Cette tension entre reconnaissance des identités et universalisme abstrait traduit en creux une crise du projet républicain : lorsque les institutions ne produisent plus d’égalité réelle, ce sont les appartenances différenciées qui servent de repères, et non les principes proclamés. »
« Face à une mondialisation aveugle et homogénéisante, la réponse d’un néolibéralisme exacerbant l’individu n’a ainsi pas tardé à se faire jour. Dans le même mouvement, l’universalisme qui se présente comme indifférent à la différence se voit concurrencé par un surinvestissement de l’identité que la citoyenneté abstraite aurait souhaité gommer. Ces deux mouvements d’apparence antagonistes, sont pourtant la face d’une même pièce.
En effet, ne pas combattre le néolibéralisme mercantile revient précisément à abandonner le terrain à un marché qui tend à uniformiser les modes de vie, tout en flattant l’illusion de singularité de chacun. Cette quête de distinction individuelle s’incarne alors dans la consommation d’artefacts standardisés, produits à la chaîne au gré des tendances, et dont la publicité se charge d’assurer le service après-vente.
Toujours dans le même mouvement, mais dans un registre singulièrement différent, nier les luttes identitaires, au motif qu’elles mettraient à mal l’universalisme et tenteraient de faire sécession avec le pacte républicain, participe de l’exacerbation des identités de ceux qui les mènent, en ce qu’ils font l’expérience quotidienne d’une identité au rabais. En résultent, dans un cas comme dans l’autre, l’exacerbation d’identités qui prospère sur le délitement du collectif, encouragée d’une part, instrumentalisée de l’autre.
Alors que la citoyenneté est marquée par une tendance à se diluer dans les alvéoles des ruches identitaires, le néolibéralisme, en faisant de l’individu le seul et unique agent social de la République, n’a de cesse d’exacerber des identités déjà stimulées. Les revendications identitaires doivent ainsi être comprises comme la conséquence d’un déficit, voire d’un déni, de reconnaissance, au lieu d’être stigmatisées comme l’indice d’une volonté de séparation.
Notes :
1 Le texte est issu du livre de Jeanne Belanyi, à paraître.
2 François Ruffin, « À Jacques Delors, le grand marché unique européen reconnaissant », Le Monde diplomatique, février 2024.
3 Jérôme Fourquet, L’archipel français : naissance d’une nation multiple et divisée – Où allons-nous ?, Paris, Seuil, 2019.
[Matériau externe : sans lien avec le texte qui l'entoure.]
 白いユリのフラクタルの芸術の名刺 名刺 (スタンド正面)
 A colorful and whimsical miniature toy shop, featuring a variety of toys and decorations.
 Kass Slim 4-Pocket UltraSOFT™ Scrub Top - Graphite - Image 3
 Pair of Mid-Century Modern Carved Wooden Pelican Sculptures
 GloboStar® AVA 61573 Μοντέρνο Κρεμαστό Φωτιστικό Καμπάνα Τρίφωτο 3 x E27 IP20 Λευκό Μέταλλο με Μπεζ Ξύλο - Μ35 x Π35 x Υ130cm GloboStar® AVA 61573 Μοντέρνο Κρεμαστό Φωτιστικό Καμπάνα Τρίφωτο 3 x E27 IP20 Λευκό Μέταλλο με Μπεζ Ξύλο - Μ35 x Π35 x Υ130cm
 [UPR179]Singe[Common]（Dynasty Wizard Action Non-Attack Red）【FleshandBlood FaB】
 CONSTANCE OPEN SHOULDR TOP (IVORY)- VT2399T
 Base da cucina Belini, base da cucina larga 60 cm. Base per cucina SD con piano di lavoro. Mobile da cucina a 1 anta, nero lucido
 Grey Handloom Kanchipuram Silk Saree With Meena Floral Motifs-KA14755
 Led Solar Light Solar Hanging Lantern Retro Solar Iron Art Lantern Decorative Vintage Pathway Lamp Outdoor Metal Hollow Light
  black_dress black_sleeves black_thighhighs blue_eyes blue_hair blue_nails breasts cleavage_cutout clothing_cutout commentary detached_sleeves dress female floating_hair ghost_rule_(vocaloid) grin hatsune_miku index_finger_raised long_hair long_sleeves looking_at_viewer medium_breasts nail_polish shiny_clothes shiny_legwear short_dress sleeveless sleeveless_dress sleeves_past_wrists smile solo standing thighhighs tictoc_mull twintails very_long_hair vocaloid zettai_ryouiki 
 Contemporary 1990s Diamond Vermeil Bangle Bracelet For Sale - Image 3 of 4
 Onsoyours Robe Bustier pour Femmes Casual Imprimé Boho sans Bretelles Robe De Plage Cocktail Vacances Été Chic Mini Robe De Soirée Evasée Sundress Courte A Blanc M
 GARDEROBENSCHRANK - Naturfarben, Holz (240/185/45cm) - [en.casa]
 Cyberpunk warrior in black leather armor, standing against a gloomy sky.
4 Pierre Rosanvallon, Les Épreuves de la vie : comprendre autrement les Français, Paris, Seuil, 2021.
5 Louis Chauvel, Le destin des générations : structure sociale et cohortes en France du XXe siècle aux années 2010, Paris, PUF, 2010.
6 Olivier Schwartz, « Vivons-nous encore dans une société de classes? Trois remarques sur la société française contemporaine », La Vie des idées, 22 septembre 2009.
7 Raphaëlle Giordano, Ta deuxième vie commence quand tu comprends que tu n’en as qu’une, Paris, Eyrolles, 2015. Miguel Ruiz, Les Quatre Accords toltèques, Genève, Éditions Jouvence, 1999.